The agreement may be terminated by written notice.  Upon termination, the Vice-President shall receive a termination fee equal to the sum of:
 
iii.  
Buy-out of any outstanding stock options for a price equal to the fair market value of the Company’s shares multiplied by the number of shares under options and less the exercise price; plus
 
iv.  
The greater of:
 
·  
The aggregate remaining fees for the unexpired remainder of the term; or
 
·  
One annual fee plus one month fee for each year served after the November 1, 2011
 
(h)  
Subsequent to September 30, 2011, the Company received proceeds of $64,000 and issued convertible notes for f $64,000 which are non-interest bearing, unsecured, and due on demand after the latest of 30 days following termination of an arrangement with a public company without closing or within 10 days of closing an arrangement with a public company or one year.. The unpaid amount can be converted at any time at the holder’s option at $0.25 per share of common stock.
 
 
F-12

 
 
QUEST WATER SOLUTIONS INC.
(A Development Stage Company)
Notes to the Consolidated Financial Statements
Year Ended December 31, 2010
(Expressed in US dollars)
 
10.  
Subsequent Events (continued)
 
(i)  
On December 30, 2011, the Company entered into a share exchange agreement with RPM Dental, Inc, an entity listed on the U.S. OTC Bulletin Board. “RPM” whereby RPM will acquire not less than 70% of the issued and outstanding shares of common stock of the Company.  RPM will issue one common share of RPM for each ten common shares of the Company.

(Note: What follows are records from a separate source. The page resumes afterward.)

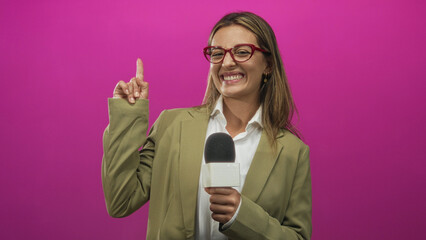 Woman reporter holding microphone points finger and laughs broadly in pink studio while wearing olive blazer; enthusiasm.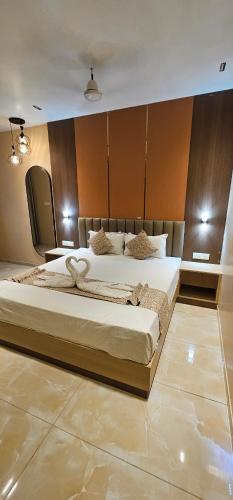 a bedroom with two beds in a room at Hotel Vaishno Regal in Bhubaneshwar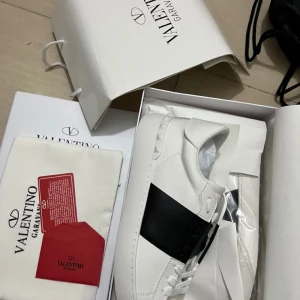 Valentino Garavani Open sneakers vit/svart - Snygga Valentino Garavani Open sneakers i vitt skinn med bred svart läderdetalj över mitten. Klassisk rund tå, platt sula och ikoniska nitar baktill. Perfekta för dig som vill ha en clean och lyxig look med streetkänsla.KVITTO FINNS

RPM will issue a total of two shares of Series A Preferred Stock of RPM to the two principal shareholders of the Company.  Each Series A Preferred Stock of RPM entitles the holder to have approximately 35% of the voting power of RPM.  . The transaction will be accounted for as a reverse takeover effected by a share exchange, wherein the Company is considered the acquirer for accounting and financial reporting purposes. Immediately prior to the transaction, RPM will spin out its subsidiary, RPM Dental Systems, LLC, a limited liability company, formed in Kentucky, and a wholly owned subsidiary of RPM to its sole officer and director in exchange for 4,000,000 shares of RPM held by him which will then be returned to treasury and cancelled. In addition, the Company will issue 1,127,500 shares of common stock pursuant to the conversion of $225,500 of the convertible notes described in Notes 4(d) and 8(a).. Immediately following the transaction, RPM as the new legal parent and listed entity will complete a private placement of 120,000 units at $5.00 per unit for proceeds of $600,000. Each unit will consist of one share of common stock and one share purchase warrant exercisable at $10.00 per share expiring three years from the date of issuance. RPM then intends to effect a 1 for 20 forward split of its common stock.